## REQUIRED WORK
Without leaving out a single line, restate the entries below exactly.

** Opening DATASET RECORDS block **

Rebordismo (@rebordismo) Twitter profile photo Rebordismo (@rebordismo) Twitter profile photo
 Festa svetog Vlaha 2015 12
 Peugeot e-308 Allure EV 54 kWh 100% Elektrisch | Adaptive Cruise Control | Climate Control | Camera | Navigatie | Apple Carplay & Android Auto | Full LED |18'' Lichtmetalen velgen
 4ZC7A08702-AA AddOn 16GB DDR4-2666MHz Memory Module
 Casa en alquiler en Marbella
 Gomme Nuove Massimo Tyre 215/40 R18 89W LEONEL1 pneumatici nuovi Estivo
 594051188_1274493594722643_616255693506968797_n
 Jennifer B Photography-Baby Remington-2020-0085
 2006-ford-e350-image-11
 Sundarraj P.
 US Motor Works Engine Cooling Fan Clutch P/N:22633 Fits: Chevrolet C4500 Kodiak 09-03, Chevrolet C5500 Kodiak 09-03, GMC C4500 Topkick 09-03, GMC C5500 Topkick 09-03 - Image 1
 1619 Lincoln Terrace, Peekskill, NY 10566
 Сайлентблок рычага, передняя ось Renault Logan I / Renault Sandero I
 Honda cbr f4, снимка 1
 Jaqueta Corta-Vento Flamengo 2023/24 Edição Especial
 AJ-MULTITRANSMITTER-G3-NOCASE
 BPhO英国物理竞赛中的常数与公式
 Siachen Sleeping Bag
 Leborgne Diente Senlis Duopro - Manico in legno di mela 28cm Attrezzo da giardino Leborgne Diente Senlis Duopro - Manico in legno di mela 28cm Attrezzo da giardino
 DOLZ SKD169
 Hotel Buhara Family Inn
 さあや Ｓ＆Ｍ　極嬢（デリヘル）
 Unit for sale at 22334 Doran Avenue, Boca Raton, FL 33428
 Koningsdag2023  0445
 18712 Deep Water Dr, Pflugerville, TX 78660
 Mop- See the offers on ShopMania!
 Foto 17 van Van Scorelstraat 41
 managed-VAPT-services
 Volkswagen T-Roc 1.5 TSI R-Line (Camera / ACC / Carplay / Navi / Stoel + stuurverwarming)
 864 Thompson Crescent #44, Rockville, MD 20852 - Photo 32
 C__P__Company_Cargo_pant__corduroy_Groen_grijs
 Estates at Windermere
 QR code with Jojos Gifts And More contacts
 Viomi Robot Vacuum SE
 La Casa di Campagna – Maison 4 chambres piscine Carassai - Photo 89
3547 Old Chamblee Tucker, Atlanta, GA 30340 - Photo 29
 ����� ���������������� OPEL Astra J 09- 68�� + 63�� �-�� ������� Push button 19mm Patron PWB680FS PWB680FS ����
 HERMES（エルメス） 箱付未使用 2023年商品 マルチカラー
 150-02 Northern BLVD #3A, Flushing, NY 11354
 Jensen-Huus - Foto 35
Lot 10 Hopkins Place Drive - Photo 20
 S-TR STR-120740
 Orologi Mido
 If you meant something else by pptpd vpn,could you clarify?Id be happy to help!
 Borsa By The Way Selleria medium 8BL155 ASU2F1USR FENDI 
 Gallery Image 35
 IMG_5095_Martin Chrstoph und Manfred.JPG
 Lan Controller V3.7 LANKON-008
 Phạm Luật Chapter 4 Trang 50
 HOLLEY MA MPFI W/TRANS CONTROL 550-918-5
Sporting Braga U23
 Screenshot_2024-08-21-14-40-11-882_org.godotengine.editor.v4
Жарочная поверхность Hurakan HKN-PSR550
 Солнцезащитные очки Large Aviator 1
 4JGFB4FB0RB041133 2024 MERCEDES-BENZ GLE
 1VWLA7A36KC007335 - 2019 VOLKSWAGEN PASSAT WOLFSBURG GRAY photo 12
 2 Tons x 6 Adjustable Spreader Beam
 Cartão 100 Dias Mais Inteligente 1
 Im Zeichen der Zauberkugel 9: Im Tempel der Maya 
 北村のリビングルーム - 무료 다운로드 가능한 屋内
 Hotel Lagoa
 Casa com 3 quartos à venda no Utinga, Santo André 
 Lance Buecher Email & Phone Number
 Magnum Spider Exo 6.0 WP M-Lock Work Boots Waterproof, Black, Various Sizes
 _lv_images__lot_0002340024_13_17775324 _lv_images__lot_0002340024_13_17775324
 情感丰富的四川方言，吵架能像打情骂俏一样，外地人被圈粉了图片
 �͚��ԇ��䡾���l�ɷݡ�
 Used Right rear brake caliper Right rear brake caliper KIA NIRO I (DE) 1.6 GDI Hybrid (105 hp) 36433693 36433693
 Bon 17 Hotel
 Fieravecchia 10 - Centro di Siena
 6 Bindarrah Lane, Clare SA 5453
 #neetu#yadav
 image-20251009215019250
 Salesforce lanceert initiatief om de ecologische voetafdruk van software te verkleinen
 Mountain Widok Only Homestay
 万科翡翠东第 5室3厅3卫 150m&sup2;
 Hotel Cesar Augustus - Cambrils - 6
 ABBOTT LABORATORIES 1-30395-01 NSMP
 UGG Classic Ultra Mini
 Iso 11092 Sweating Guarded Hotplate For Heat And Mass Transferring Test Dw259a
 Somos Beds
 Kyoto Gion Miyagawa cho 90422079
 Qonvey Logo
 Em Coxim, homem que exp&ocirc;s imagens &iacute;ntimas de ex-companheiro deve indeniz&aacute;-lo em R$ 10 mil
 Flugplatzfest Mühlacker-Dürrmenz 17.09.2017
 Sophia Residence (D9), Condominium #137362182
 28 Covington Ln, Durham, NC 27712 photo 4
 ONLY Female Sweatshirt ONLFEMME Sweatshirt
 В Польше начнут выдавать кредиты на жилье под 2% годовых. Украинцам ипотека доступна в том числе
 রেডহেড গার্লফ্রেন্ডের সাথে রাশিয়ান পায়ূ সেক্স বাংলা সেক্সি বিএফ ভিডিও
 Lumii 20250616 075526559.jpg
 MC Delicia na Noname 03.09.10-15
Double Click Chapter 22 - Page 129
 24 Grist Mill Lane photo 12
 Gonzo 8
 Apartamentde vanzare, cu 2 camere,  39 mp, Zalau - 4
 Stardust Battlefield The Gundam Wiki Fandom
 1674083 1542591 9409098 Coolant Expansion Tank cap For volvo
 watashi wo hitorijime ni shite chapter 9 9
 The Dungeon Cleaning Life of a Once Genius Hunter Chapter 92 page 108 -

** Closing DATASET RECORDS block **

## EXERCISE RESPONSE
Rebordismo (@rebordismo) Twitter profile photo Rebordismo (@rebordismo) Twitter profile photo
 Festa svetog Vlaha 2015 12
 Peugeot e-308 Allure EV 54 kWh 100% Elektrisch | Adaptive Cruise Control | Climate Control | Camera | Navigatie | Apple Carplay & Android Auto | Full LED |18'' Lichtmetalen velgen
 4ZC7A08702-AA AddOn 16GB DDR4-2666MHz Memory Module
 Casa en alquiler en Marbella
 Gomme Nuove Massimo Tyre 215/40 R18 89W LEONEL1 pneumatici nuovi Estivo
 594051188_1274493594722643_616255693506968797_n
 Jennifer B Photography-Baby Remington-2020-0085
 2006-ford-e350-image-11
 Sundarraj P.
 US Motor Works Engine Cooling Fan Clutch P/N:22633 Fits: Chevrolet C4500 Kodiak 09-03, Chevrolet C5500 Kodiak 09-03, GMC C4500 Topkick 09-03, GMC C5500 Topkick 09-03 - Image 1
 1619 Lincoln Terrace, Peekskill, NY 10566
 Сайлентблок рычага, передняя ось Renault Logan I / Renault Sandero I
 Honda cbr f4, снимка 1
 Jaqueta Corta-Vento Flamengo 2023/24 Edição Especial
 AJ-MULTITRANSMITTER-G3-NOCASE
 BPhO英国物理竞赛中的常数与公式
 Siachen Sleeping Bag
 Leborgne Diente Senlis Duopro - Manico in legno di mela 28cm Attrezzo da giardino Leborgne Diente Senlis Duopro - Manico in legno di mela 28cm Attrezzo da giardino
 DOLZ SKD169
 Hotel Buhara Family Inn
 さあや Ｓ＆Ｍ　極嬢（デリヘル）
 Unit for sale at 22334 Doran Avenue, Boca Raton, FL 33428
 Koningsdag2023  0445
 18712 Deep Water Dr, Pflugerville, TX 78660
 Mop- See the offers on ShopMania!
 Foto 17 van Van Scorelstraat 41
 managed-VAPT-services
 Volkswagen T-Roc 1.5 TSI R-Line (Camera / ACC / Carplay / Navi / Stoel + stuurverwarming)
 864 Thompson Crescent #44, Rockville, MD 20852 - Photo 32
 C__P__Company_Cargo_pant__corduroy_Groen_grijs
 Estates at Windermere
 QR code with Jojos Gifts And More contacts
 Viomi Robot Vacuum SE
 La Casa di Campagna – Maison 4 chambres piscine Carassai - Photo 89
3547 Old Chamblee Tucker, Atlanta, GA 30340 - Photo 29
 ����� ���������������� OPEL Astra J 09- 68�� + 63�� �-�� ������� Push button 19mm Patron PWB680FS PWB680FS ����
 HERMES（エルメス） 箱付未使用 2023年商品 マルチカラー
 150-02 Northern BLVD #3A, Flushing, NY 11354
 Jensen-Huus - Foto 35
Lot 10 Hopkins Place Drive - Photo 20
 S-TR STR-120740
 Orologi Mido
 If you meant something else by pptpd vpn,could you clarify?Id be happy to help!
 Borsa By The Way Selleria medium 8BL155 ASU2F1USR FENDI 
 Gallery Image 35
 IMG_5095_Martin Chrstoph und Manfred.JPG
 Lan Controller V3.7 LANKON-008
 Phạm Luật Chapter 4 Trang 50
 HOLLEY MA MPFI W/TRANS CONTROL 550-918-5
Sporting Braga U23
 Screenshot_2024-08-21-14-40-11-882_org.godotengine.editor.v4
Жарочная поверхность Hurakan HKN-PSR550
 Солнцезащитные очки Large Aviator 1
 4JGFB4FB0RB041133 2024 MERCEDES-BENZ GLE
 1VWLA7A36KC007335 - 2019 VOLKSWAGEN PASSAT WOLFSBURG GRAY photo 12
 2 Tons x 6 Adjustable Spreader Beam
 Cartão 100 Dias Mais Inteligente 1
 Im Zeichen der Zauberkugel 9: Im Tempel der Maya 
 北村のリビングルーム - 무료 다운로드 가능한 屋内
 Hotel Lagoa
 Casa com 3 quartos à venda no Utinga, Santo André 
 Lance Buecher Email & Phone Number
 Magnum Spider Exo 6.0 WP M-Lock Work Boots Waterproof, Black, Various Sizes
 _lv_images__lot_0002340024_13_17775324 _lv_images__lot_0002340024_13_17775324
 情感丰富的四川方言，吵架能像打情骂俏一样，外地人被圈粉了图片
 �͚��ԇ��䡾���l�ɷݡ�
 Used Right rear brake caliper Right rear brake caliper KIA NIRO I (DE) 1.6 GDI Hybrid (105 hp) 36433693 36433693
 Bon 17 Hotel
 Fieravecchia 10 - Centro di Siena
 6 Bindarrah Lane, Clare SA 5453
 #neetu#yadav
 image-20251009215019250
 Salesforce lanceert initiatief om de ecologische voetafdruk van software te verkleinen
 Mountain Widok Only Homestay
 万科翡翠东第 5室3厅3卫 150m&sup2;
 Hotel Cesar Augustus - Cambrils - 6
 ABBOTT LABORATORIES 1-30395-01 NSMP
 UGG Classic Ultra Mini
 Iso 11092 Sweating Guarded Hotplate For Heat And Mass Transferring Test Dw259a
 Somos Beds
 Kyoto Gion Miyagawa cho 90422079
 Qonvey Logo
 Em Coxim, homem que exp&ocirc;s imagens &iacute;ntimas de ex-companheiro deve indeniz&aacute;-lo em R$ 10 mil
 Flugplatzfest Mühlacker-Dürrmenz 17.09.2017
 Sophia Residence (D9), Condominium #137362182
 28 Covington Ln, Durham, NC 27712 photo 4
 ONLY Female Sweatshirt ONLFEMME Sweatshirt
 В Польше начнут выдавать кредиты на жилье под 2% годовых. Украинцам ипотека доступна в том числе
 রেডহেড গার্লফ্রেন্ডের সাথে রাশিয়ান পায়ূ সেক্স বাংলা সেক্সি বিএফ ভিডিও
 Lumii 20250616 075526559.jpg
 MC Delicia na Noname 03.09.10-15
Double Click Chapter 22 - Page 129
 24 Grist Mill Lane photo 12
 Gonzo 8
 Apartamentde vanzare, cu 2 camere,  39 mp, Zalau - 4
 Stardust Battlefield The Gundam Wiki Fandom
 1674083 1542591 9409098 Coolant Expansion Tank cap For volvo
 watashi wo hitorijime ni shite chapter 9 9
 The Dungeon Cleaning Life of a Once Genius Hunter Chapter 92 page 108 -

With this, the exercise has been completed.